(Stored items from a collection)
►

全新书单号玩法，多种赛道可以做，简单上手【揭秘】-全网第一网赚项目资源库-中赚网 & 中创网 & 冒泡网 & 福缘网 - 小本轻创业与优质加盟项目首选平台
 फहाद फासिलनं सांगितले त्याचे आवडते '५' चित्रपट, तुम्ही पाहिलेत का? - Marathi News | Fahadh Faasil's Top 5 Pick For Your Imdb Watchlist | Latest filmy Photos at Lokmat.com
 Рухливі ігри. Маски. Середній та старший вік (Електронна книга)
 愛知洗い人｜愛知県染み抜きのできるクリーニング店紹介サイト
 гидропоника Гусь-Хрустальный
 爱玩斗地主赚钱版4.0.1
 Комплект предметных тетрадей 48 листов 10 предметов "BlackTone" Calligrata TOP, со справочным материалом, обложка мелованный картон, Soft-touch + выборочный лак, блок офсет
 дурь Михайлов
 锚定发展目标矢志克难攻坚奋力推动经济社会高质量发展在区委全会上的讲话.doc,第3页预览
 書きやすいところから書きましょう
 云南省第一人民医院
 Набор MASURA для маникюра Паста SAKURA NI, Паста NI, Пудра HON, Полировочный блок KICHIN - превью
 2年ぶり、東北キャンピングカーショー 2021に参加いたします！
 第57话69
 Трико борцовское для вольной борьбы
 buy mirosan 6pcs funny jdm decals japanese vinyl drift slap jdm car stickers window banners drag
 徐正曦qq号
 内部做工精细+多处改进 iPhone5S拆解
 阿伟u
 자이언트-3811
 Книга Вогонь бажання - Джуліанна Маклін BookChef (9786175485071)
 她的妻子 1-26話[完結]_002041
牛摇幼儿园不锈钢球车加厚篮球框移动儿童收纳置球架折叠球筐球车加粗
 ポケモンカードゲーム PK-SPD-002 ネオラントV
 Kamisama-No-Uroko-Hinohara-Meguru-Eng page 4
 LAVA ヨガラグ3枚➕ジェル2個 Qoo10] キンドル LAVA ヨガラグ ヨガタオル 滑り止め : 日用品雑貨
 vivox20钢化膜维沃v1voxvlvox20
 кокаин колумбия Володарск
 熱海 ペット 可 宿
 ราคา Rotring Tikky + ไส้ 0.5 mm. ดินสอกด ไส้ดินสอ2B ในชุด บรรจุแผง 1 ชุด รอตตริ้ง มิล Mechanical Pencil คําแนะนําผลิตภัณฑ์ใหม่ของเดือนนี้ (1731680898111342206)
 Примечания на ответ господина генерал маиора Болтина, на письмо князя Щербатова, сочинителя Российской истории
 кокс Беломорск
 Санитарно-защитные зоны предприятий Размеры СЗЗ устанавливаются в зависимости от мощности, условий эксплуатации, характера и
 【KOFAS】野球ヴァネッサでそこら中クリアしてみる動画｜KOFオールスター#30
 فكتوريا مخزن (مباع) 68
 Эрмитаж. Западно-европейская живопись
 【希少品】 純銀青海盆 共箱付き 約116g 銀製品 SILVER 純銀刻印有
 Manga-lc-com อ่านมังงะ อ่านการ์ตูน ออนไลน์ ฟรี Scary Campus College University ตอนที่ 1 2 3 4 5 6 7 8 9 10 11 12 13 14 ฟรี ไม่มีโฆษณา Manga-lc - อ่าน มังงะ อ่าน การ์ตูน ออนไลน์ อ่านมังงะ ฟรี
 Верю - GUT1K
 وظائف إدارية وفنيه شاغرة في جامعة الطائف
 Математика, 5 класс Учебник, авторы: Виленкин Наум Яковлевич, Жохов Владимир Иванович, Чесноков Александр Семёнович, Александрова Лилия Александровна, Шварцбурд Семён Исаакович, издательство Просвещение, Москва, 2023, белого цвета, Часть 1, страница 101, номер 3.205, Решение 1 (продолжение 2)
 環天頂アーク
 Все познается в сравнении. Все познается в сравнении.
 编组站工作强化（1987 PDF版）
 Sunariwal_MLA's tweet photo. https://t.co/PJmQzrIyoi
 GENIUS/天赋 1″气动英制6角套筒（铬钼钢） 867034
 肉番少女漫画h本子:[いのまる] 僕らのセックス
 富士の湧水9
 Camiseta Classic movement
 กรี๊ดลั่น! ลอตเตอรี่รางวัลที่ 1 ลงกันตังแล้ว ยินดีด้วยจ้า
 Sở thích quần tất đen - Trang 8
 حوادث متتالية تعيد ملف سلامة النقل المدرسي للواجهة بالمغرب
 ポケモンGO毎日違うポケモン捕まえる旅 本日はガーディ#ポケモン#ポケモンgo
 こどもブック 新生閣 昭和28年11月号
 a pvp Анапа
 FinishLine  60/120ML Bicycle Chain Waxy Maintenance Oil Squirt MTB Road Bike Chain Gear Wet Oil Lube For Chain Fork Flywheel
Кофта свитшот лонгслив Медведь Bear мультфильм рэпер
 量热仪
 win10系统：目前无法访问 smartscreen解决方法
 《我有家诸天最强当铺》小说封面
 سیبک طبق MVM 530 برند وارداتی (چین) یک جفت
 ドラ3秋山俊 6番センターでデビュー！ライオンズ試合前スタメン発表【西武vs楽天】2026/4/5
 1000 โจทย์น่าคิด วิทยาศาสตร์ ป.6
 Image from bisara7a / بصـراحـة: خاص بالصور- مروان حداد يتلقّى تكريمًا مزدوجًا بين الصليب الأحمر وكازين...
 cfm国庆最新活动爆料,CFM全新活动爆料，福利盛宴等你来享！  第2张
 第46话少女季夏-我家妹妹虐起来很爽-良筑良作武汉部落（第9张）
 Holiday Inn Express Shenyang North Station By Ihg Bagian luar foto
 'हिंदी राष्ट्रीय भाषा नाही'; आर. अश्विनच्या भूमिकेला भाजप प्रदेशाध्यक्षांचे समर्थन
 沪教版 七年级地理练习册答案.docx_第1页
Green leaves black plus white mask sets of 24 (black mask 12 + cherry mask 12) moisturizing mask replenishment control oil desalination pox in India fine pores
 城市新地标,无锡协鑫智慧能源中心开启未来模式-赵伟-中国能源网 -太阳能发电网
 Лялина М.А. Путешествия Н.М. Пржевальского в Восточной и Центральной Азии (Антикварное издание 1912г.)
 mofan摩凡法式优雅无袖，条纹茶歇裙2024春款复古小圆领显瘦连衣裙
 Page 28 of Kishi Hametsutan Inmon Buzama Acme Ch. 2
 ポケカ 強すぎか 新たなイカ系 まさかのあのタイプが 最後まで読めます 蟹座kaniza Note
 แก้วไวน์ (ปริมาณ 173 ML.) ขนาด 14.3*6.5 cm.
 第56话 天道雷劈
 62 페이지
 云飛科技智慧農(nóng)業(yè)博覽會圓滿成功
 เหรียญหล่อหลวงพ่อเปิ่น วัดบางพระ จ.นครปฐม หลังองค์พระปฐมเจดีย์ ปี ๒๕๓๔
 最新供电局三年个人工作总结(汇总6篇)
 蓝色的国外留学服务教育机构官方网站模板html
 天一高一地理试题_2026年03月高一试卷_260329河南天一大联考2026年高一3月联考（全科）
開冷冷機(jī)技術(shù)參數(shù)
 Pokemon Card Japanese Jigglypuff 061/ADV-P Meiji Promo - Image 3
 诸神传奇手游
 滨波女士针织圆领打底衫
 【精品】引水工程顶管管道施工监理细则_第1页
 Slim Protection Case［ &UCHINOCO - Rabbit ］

◄

Task instructions:
The answer must be an exact copy of every record above.

Task output:
全新书单号玩法，多种赛道可以做，简单上手【揭秘】-全网第一网赚项目资源库-中赚网 & 中创网 & 冒泡网 & 福缘网 - 小本轻创业与优质加盟项目首选平台
 फहाद फासिलनं सांगितले त्याचे आवडते '५' चित्रपट, तुम्ही पाहिलेत का? - Marathi News | Fahadh Faasil's Top 5 Pick For Your Imdb Watchlist | Latest filmy Photos at Lokmat.com
 Рухливі ігри. Маски. Середній та старший вік (Електронна книга)
 愛知洗い人｜愛知県染み抜きのできるクリーニング店紹介サイト
 гидропоника Гусь-Хрустальный
 爱玩斗地主赚钱版4.0.1
 Комплект предметных тетрадей 48 листов 10 предметов "BlackTone" Calligrata TOP, со справочным материалом, обложка мелованный картон, Soft-touch + выборочный лак, блок офсет
 дурь Михайлов
 锚定发展目标矢志克难攻坚奋力推动经济社会高质量发展在区委全会上的讲话.doc,第3页预览
 書きやすいところから書きましょう
 云南省第一人民医院
 Набор MASURA для маникюра Паста SAKURA NI, Паста NI, Пудра HON, Полировочный блок KICHIN - превью
 2年ぶり、東北キャンピングカーショー 2021に参加いたします！
 第57话69
 Трико борцовское для вольной борьбы
 buy mirosan 6pcs funny jdm decals japanese vinyl drift slap jdm car stickers window banners drag
 徐正曦qq号
 内部做工精细+多处改进 iPhone5S拆解
 阿伟u
 자이언트-3811
 Книга Вогонь бажання - Джуліанна Маклін BookChef (9786175485071)
 她的妻子 1-26話[完結]_002041
牛摇幼儿园不锈钢球车加厚篮球框移动儿童收纳置球架折叠球筐球车加粗
 ポケモンカードゲーム PK-SPD-002 ネオラントV
 Kamisama-No-Uroko-Hinohara-Meguru-Eng page 4
 LAVA ヨガラグ3枚➕ジェル2個 Qoo10] キンドル LAVA ヨガラグ ヨガタオル 滑り止め : 日用品雑貨
 vivox20钢化膜维沃v1voxvlvox20
 кокаин колумбия Володарск
 熱海 ペット 可 宿
 ราคา Rotring Tikky + ไส้ 0.5 mm. ดินสอกด ไส้ดินสอ2B ในชุด บรรจุแผง 1 ชุด รอตตริ้ง มิล Mechanical Pencil คําแนะนําผลิตภัณฑ์ใหม่ของเดือนนี้ (1731680898111342206)
 Примечания на ответ господина генерал маиора Болтина, на письмо князя Щербатова, сочинителя Российской истории
 кокс Беломорск
 Санитарно-защитные зоны предприятий Размеры СЗЗ устанавливаются в зависимости от мощности, условий эксплуатации, характера и
 【KOFAS】野球ヴァネッサでそこら中クリアしてみる動画｜KOFオールスター#30
 فكتوريا مخزن (مباع) 68
 Эрмитаж. Западно-европейская живопись
 【希少品】 純銀青海盆 共箱付き 約116g 銀製品 SILVER 純銀刻印有
 Manga-lc-com อ่านมังงะ อ่านการ์ตูน ออนไลน์ ฟรี Scary Campus College University ตอนที่ 1 2 3 4 5 6 7 8 9 10 11 12 13 14 ฟรี ไม่มีโฆษณา Manga-lc - อ่าน มังงะ อ่าน การ์ตูน ออนไลน์ อ่านมังงะ ฟรี
 Верю - GUT1K
 وظائف إدارية وفنيه شاغرة في جامعة الطائف
 Математика, 5 класс Учебник, авторы: Виленкин Наум Яковлевич, Жохов Владимир Иванович, Чесноков Александр Семёнович, Александрова Лилия Александровна, Шварцбурд Семён Исаакович, издательство Просвещение, Москва, 2023, белого цвета, Часть 1, страница 101, номер 3.205, Решение 1 (продолжение 2)
 環天頂アーク
 Все познается в сравнении. Все познается в сравнении.
 编组站工作强化（1987 PDF版）
 Sunariwal_MLA's tweet photo. https://t.co/PJmQzrIyoi
 GENIUS/天赋 1″气动英制6角套筒（铬钼钢） 867034
 肉番少女漫画h本子:[いのまる] 僕らのセックス
 富士の湧水9
 Camiseta Classic movement
 กรี๊ดลั่น! ลอตเตอรี่รางวัลที่ 1 ลงกันตังแล้ว ยินดีด้วยจ้า
 Sở thích quần tất đen - Trang 8
 حوادث متتالية تعيد ملف سلامة النقل المدرسي للواجهة بالمغرب
 ポケモンGO毎日違うポケモン捕まえる旅 本日はガーディ#ポケモン#ポケモンgo
 こどもブック 新生閣 昭和28年11月号
 a pvp Анапа
 FinishLine  60/120ML Bicycle Chain Waxy Maintenance Oil Squirt MTB Road Bike Chain Gear Wet Oil Lube For Chain Fork Flywheel
Кофта свитшот лонгслив Медведь Bear мультфильм рэпер
 量热仪
 win10系统：目前无法访问 smartscreen解决方法
 《我有家诸天最强当铺》小说封面
 سیبک طبق MVM 530 برند وارداتی (چین) یک جفت
 ドラ3秋山俊 6番センターでデビュー！ライオンズ試合前スタメン発表【西武vs楽天】2026/4/5
 1000 โจทย์น่าคิด วิทยาศาสตร์ ป.6
 Image from bisara7a / بصـراحـة: خاص بالصور- مروان حداد يتلقّى تكريمًا مزدوجًا بين الصليب الأحمر وكازين...
 cfm国庆最新活动爆料,CFM全新活动爆料，福利盛宴等你来享！  第2张
 第46话少女季夏-我家妹妹虐起来很爽-良筑良作武汉部落（第9张）
 Holiday Inn Express Shenyang North Station By Ihg Bagian luar foto
 'हिंदी राष्ट्रीय भाषा नाही'; आर. अश्विनच्या भूमिकेला भाजप प्रदेशाध्यक्षांचे समर्थन
 沪教版 七年级地理练习册答案.docx_第1页
Green leaves black plus white mask sets of 24 (black mask 12 + cherry mask 12) moisturizing mask replenishment control oil desalination pox in India fine pores
 城市新地标,无锡协鑫智慧能源中心开启未来模式-赵伟-中国能源网 -太阳能发电网
 Лялина М.А. Путешествия Н.М. Пржевальского в Восточной и Центральной Азии (Антикварное издание 1912г.)
 mofan摩凡法式优雅无袖，条纹茶歇裙2024春款复古小圆领显瘦连衣裙
 Page 28 of Kishi Hametsutan Inmon Buzama Acme Ch. 2
 ポケカ 強すぎか 新たなイカ系 まさかのあのタイプが 最後まで読めます 蟹座kaniza Note
 แก้วไวน์ (ปริมาณ 173 ML.) ขนาด 14.3*6.5 cm.
 第56话 天道雷劈
 62 페이지
 云飛科技智慧農(nóng)業(yè)博覽會圓滿成功
 เหรียญหล่อหลวงพ่อเปิ่น วัดบางพระ จ.นครปฐม หลังองค์พระปฐมเจดีย์ ปี ๒๕๓๔
 最新供电局三年个人工作总结(汇总6篇)
 蓝色的国外留学服务教育机构官方网站模板html
 天一高一地理试题_2026年03月高一试卷_260329河南天一大联考2026年高一3月联考（全科）
開冷冷機(jī)技術(shù)參數(shù)
 Pokemon Card Japanese Jigglypuff 061/ADV-P Meiji Promo - Image 3
 诸神传奇手游
 滨波女士针织圆领打底衫
 【精品】引水工程顶管管道施工监理细则_第1页
 Slim Protection Case［ &UCHINOCO - Rabbit ］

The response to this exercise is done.